Celle de l’Ascension de Tristeu, où l’eau, élément cher à Bill Viola, monte (au lieu de tomber) et finit par emporter le corps de Tristan vers les cieux. Ici le son joue un rôle important, cette pluie inversée semble catalyser toute l’énergie de la scène. La beauté des myriades de gouttelettes d’eau qui deviennent plus fascinantes que le corps déjà mort, le mouvement inspire à une élévation.
L’œuvre intitulée Martyrs (Terre Air Feu Eau) est assez dérangeante. Celle des quatre martyrs avec les quatre éléments. Au début, on les voit comme morts puis l’action reprend, chacun soumis à son martyr par l’un des éléments, qu’ils semblent vivre comme quelque chose de subie jusqu’à la fin avec leur visage illuminé tourné vers le Ciel. Dérangeante à cause de cette espèce de soumission non libre mais aussi fortitude de ceux qui vont au-delà de la matière.
La spiritualité, la vie et la mort, la sacralisation du quotidien (comme dans « La pièce de Catherine ») et la nature sont des thèmes récurrents dans l’œuvre de Viola qui renvoient à son rapprochement avec les philosophies orientales, grâce à ses nombreux voyages sur le continent asiatique. L’artiste crée une relation d’échange entre l’Orient et l’Occident, en mettant également en évidence des symbologies communes, comme celle de l’eau, l’un des éléments fondamentaux de sa poétique.
L’œuvre qui m’a personnellement le plus touchée est Transfigurations. Trois écrans sont installés sur trois tombes, les écrans sont gris et brouillés et on aperçoit au loin des silhouettes. Puis, après un temps d’attente, l’une d’entre elles s’approche, marchant vers le spectateur, et elle va passer au travers d’un mur d’eau dans un processus qui semble douloureux ou étrange.
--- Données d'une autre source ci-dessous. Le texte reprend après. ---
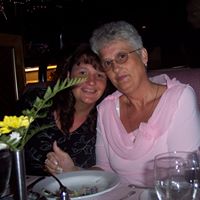 Tracy Ebert Photo 24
Puis la personne est alors baignée de lumière, le visage serein, comme une joie diffuse. Mais après un temps dans la lumière, soudain, le visage semble comme se refermer puis la personne se retourne et repart sous le mur d’eau et dans la grisaille. J’ai été bouleversé par la lenteur de la vidéo, cette eau qui est à la fois une bénédiction et un passage, comme lorsqu’elle tombe avec force sur la personne et puis la lumière, cette transformation, ce passage de tout l’être, cet étonnement d’être dans la lumière.